Captioned web images:
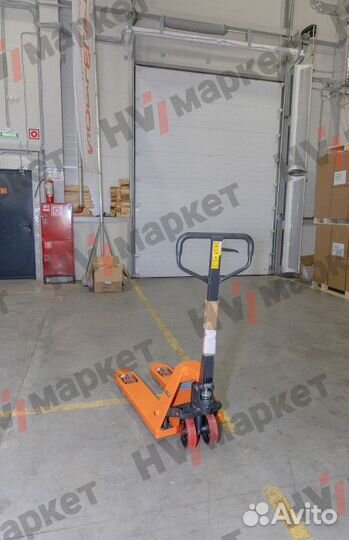 Гидравлическая тележка AC20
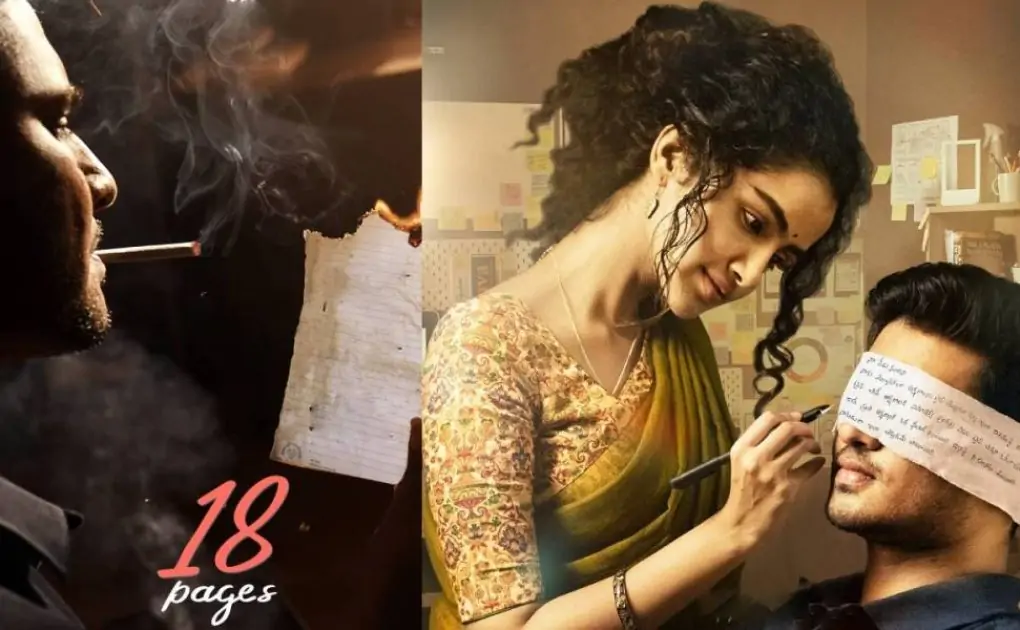 18 Pages Telugu Movie (2021): Cast | Songs | Trailer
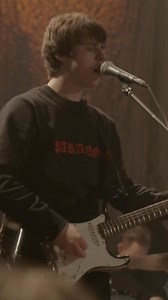 Lighting Bolt live from the Great Escape in 2016. | Jake Bugg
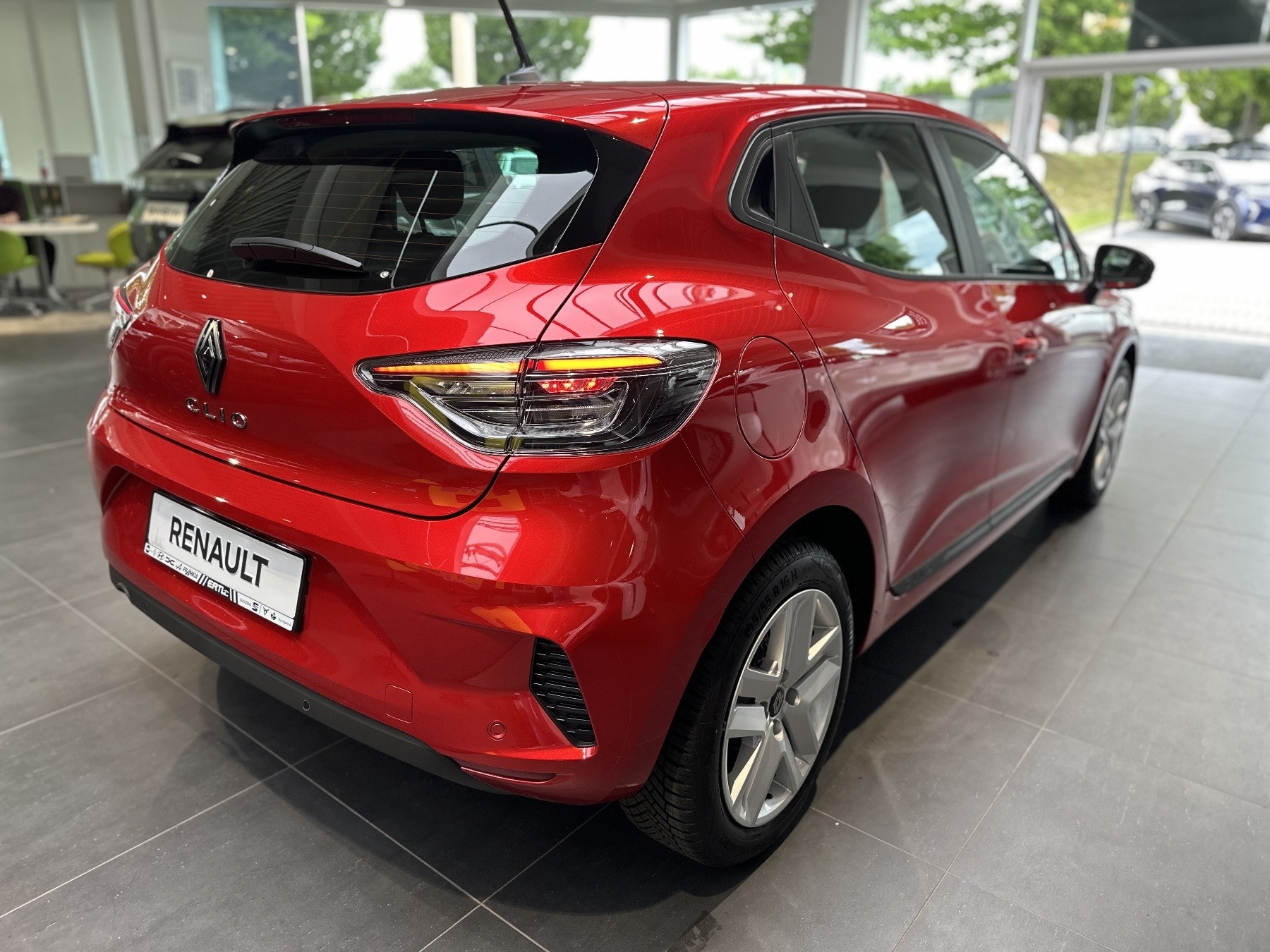 Bild 20 - Captur Techno TCe 90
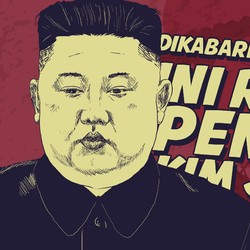 Kim Jong Un Dikabarkan Meninggal, Ayahnya Ada Riwayat Jantung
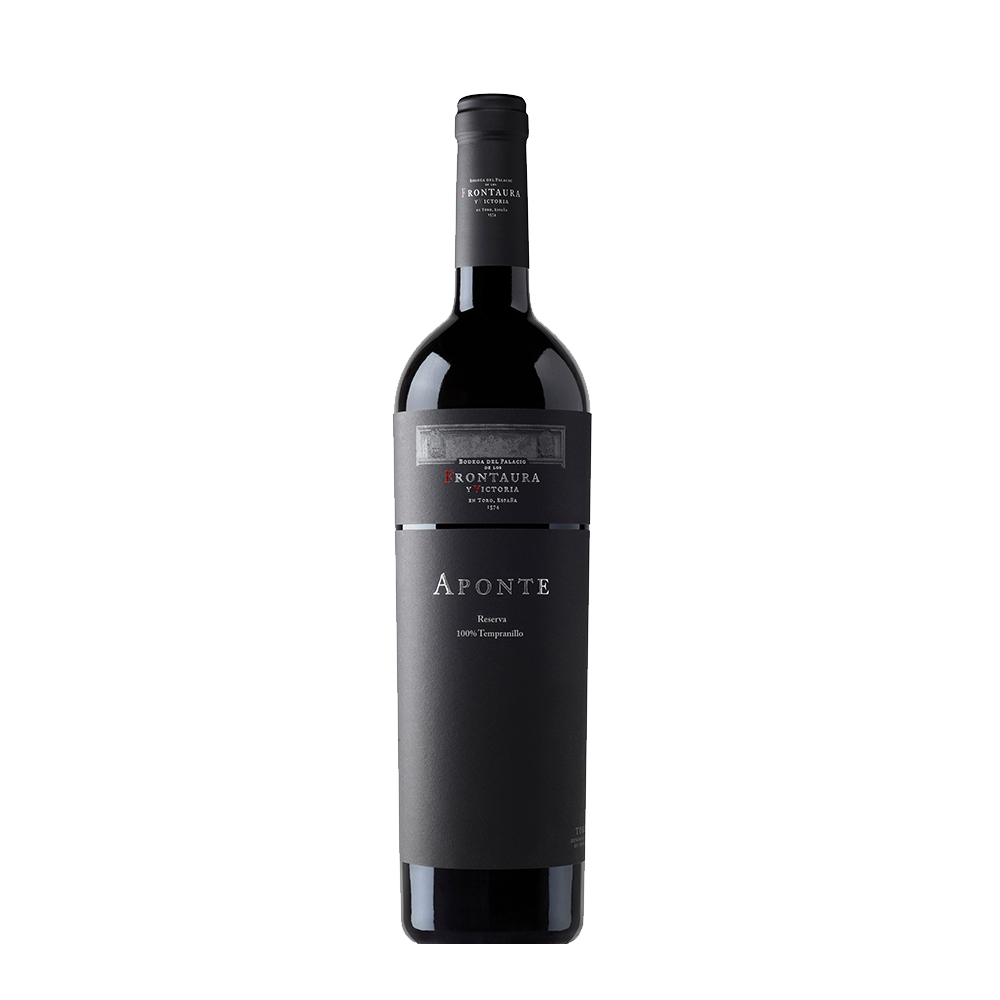Aponte Reserva Toro DO Bodegas Frontaura Zamora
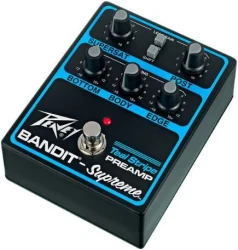 Peavey Bandit Supreme Teal Stripe Preamp в Москве c доставкой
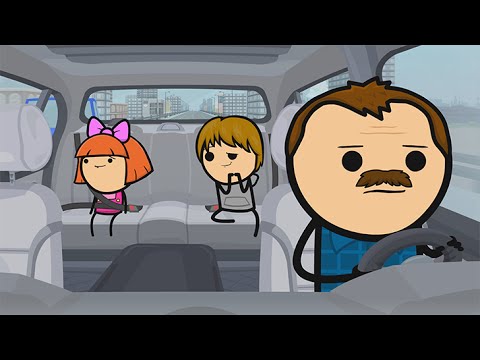 That's It - Cyanide & Happiness Shorts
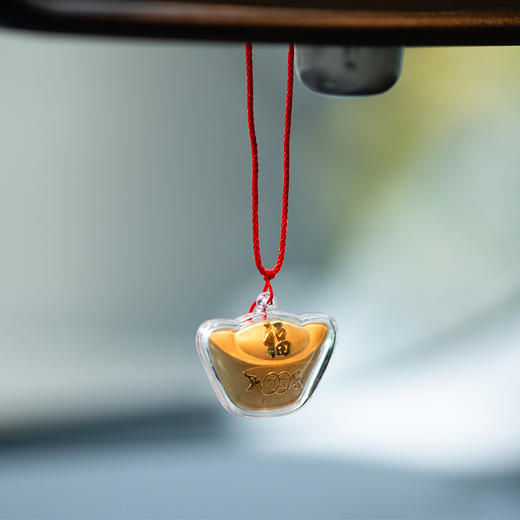 【好物】金瑞五福红包 含999黄金  五种吉祥款式 商品图4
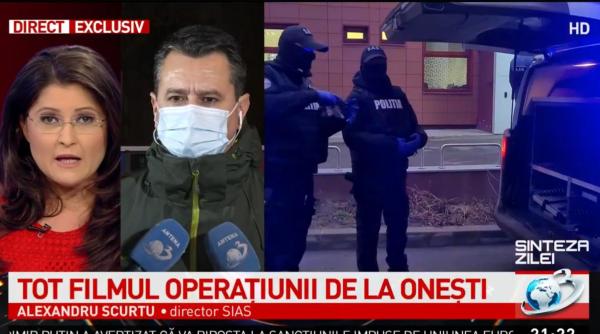 operatiunea de la onesti scurtu director sias s a intarziat cu negocierea din dorinta de a gasi momentul operativ cel mai bun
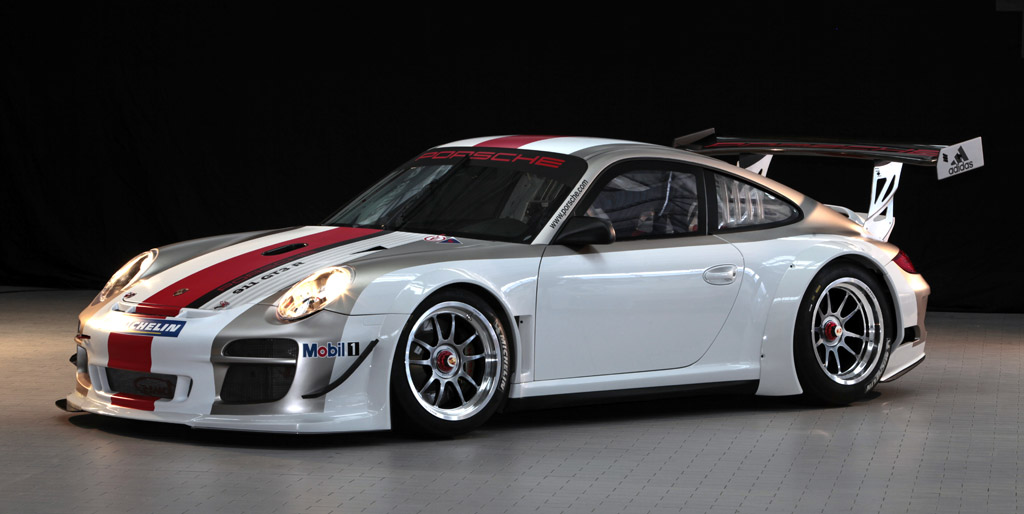 2010 Porsche 911 GT3 R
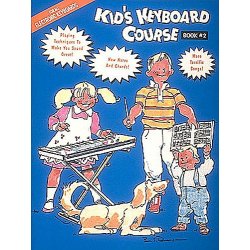 Kid's Keyboard Course Book #2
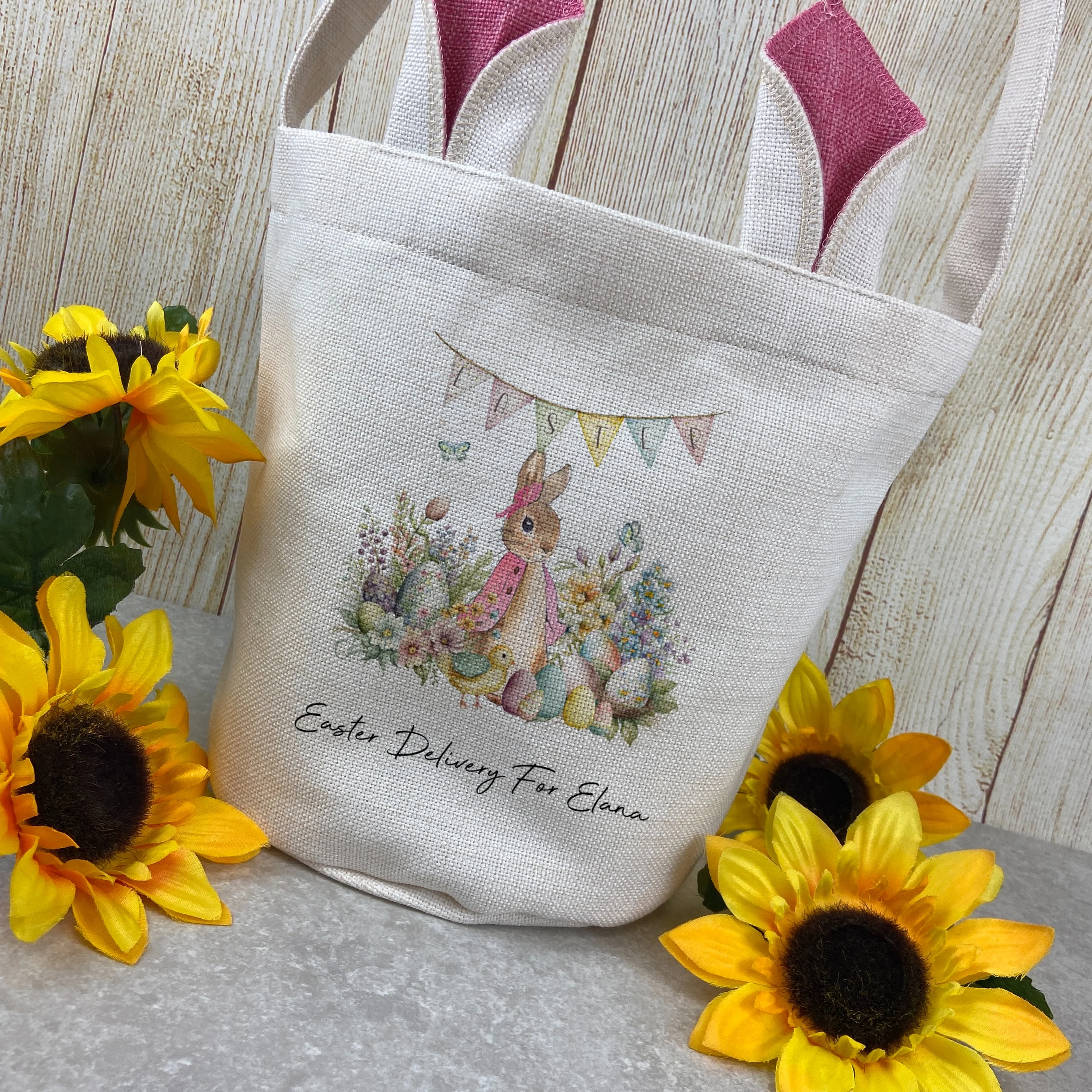 Personalised Easter Gifts- Easter Garden Design - Image 4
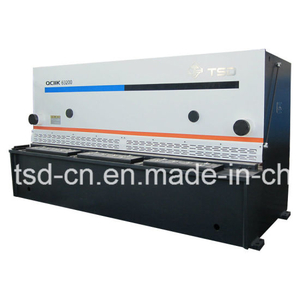Guillotine Shear Machine (QC11Y-6X6000)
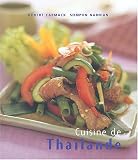 Revue Editions Soline  / Cuisine de Thaïlande
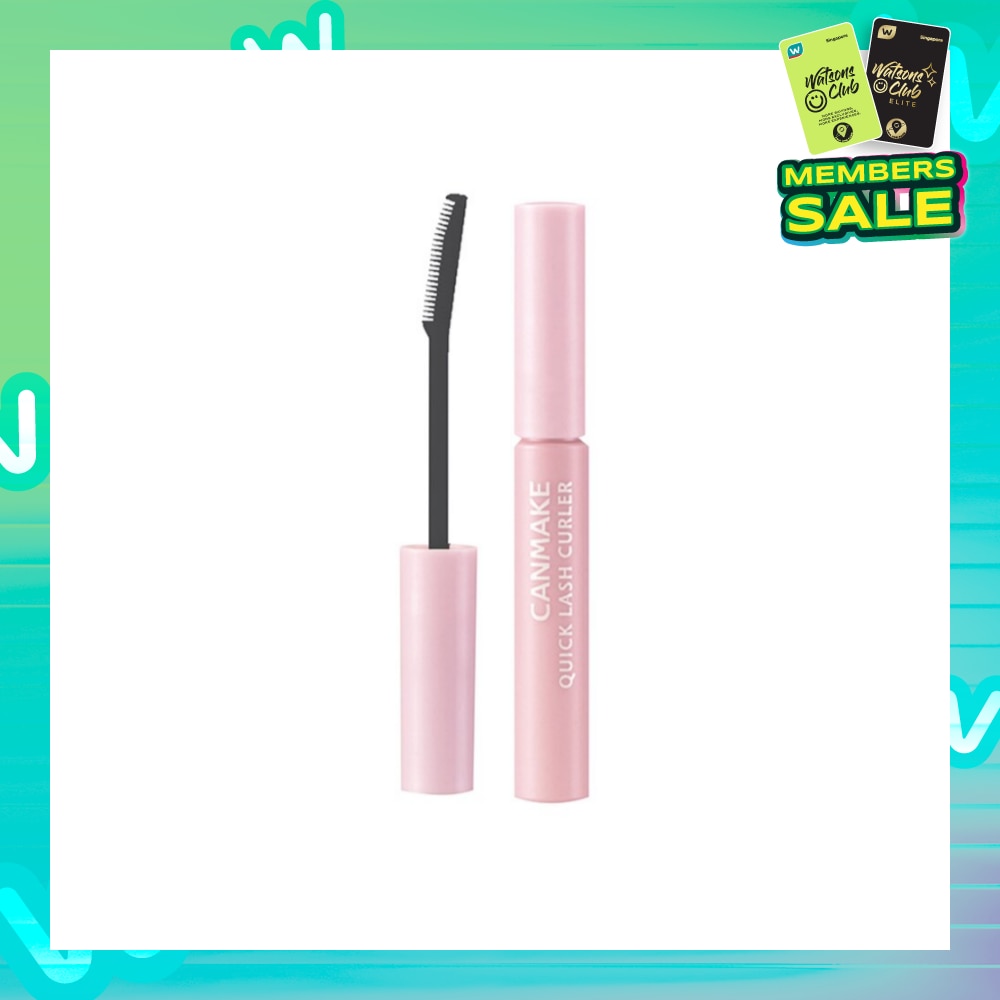 CANMAKE Quick Lash Curler BK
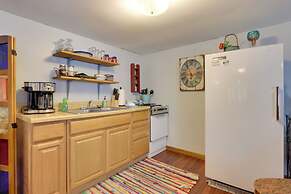 Riverfront Townsend Apt - 18 Miles to Pigeon Forge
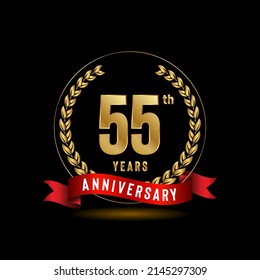 3,086 55th happy anniversary Images, Stock Photos & Vectors | Shutterstock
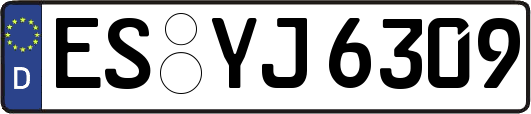 ES-YJ6309
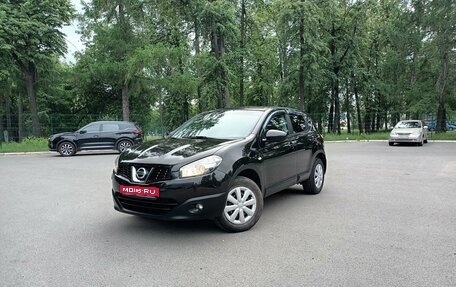 Nissan Qashqai, 2012 год, 975 000 рублей, 1 фотография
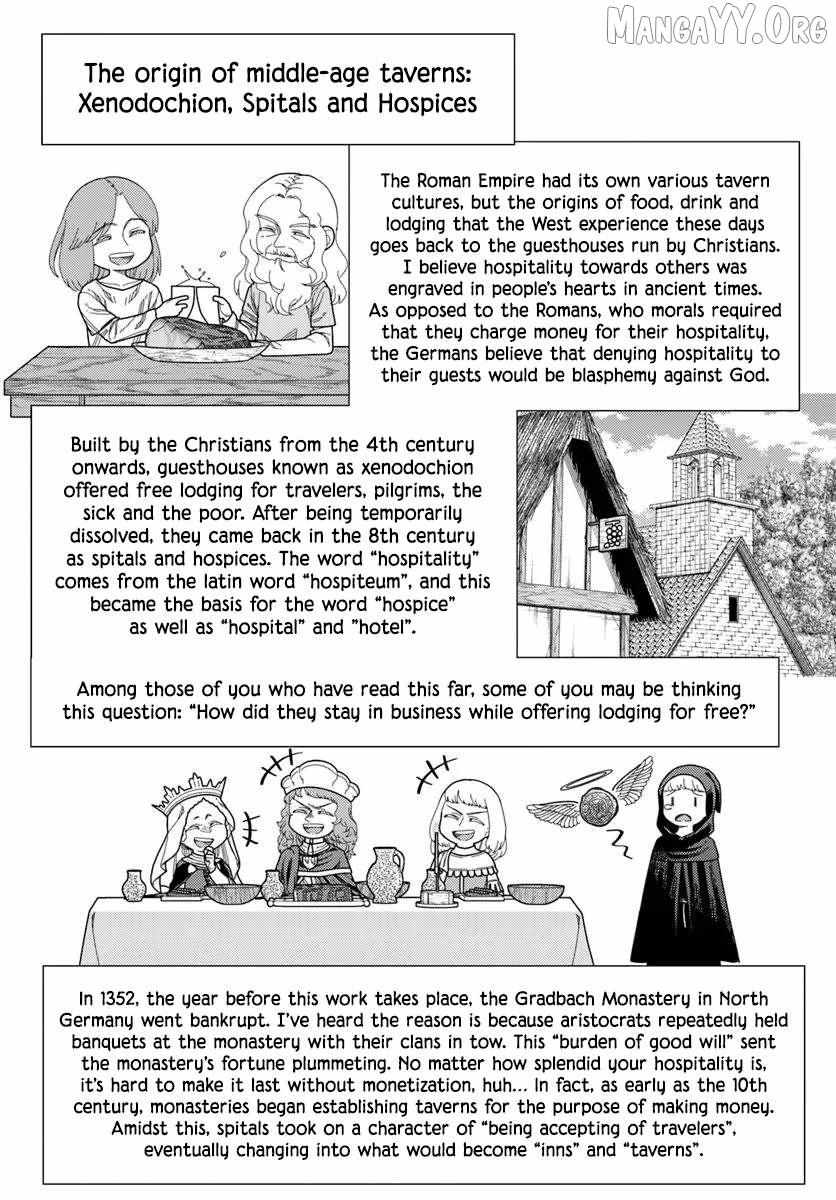 Pest ga Aketara Asobimashou! ~Chuusei Europa Sekai to Gendai Bunmei Slow Life~ Chapter 9 page 34 -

__What the task asks__. Each record above goes into the copy word for word; the pictures do not.

__Task answer__.
 Гидравлическая тележка AC20
 18 Pages Telugu Movie (2021): Cast | Songs | Trailer
 Lighting Bolt live from the Great Escape in 2016. | Jake Bugg
 Bild 20 - Captur Techno TCe 90
 Kim Jong Un Dikabarkan Meninggal, Ayahnya Ada Riwayat Jantung
Aponte Reserva Toro DO Bodegas Frontaura Zamora
 Peavey Bandit Supreme Teal Stripe Preamp в Москве c доставкой
 That's It - Cyanide & Happiness Shorts
 【好物】金瑞五福红包 含999黄金  五种吉祥款式 商品图4
 operatiunea de la onesti scurtu director sias s a intarziat cu negocierea din dorinta de a gasi momentul operativ cel mai bun
 2010 Porsche 911 GT3 R
 Kid's Keyboard Course Book #2
 Personalised Easter Gifts- Easter Garden Design - Image 4
Guillotine Shear Machine (QC11Y-6X6000)
 Revue Editions Soline  / Cuisine de Thaïlande
 CANMAKE Quick Lash Curler BK
 Riverfront Townsend Apt - 18 Miles to Pigeon Forge
 3,086 55th happy anniversary Images, Stock Photos & Vectors | Shutterstock
 ES-YJ6309
 Nissan Qashqai, 2012 год, 975 000 рублей, 1 фотография
 Pest ga Aketara Asobimashou! ~Chuusei Europa Sekai to Gendai Bunmei Slow Life~ Chapter 9 page 34 -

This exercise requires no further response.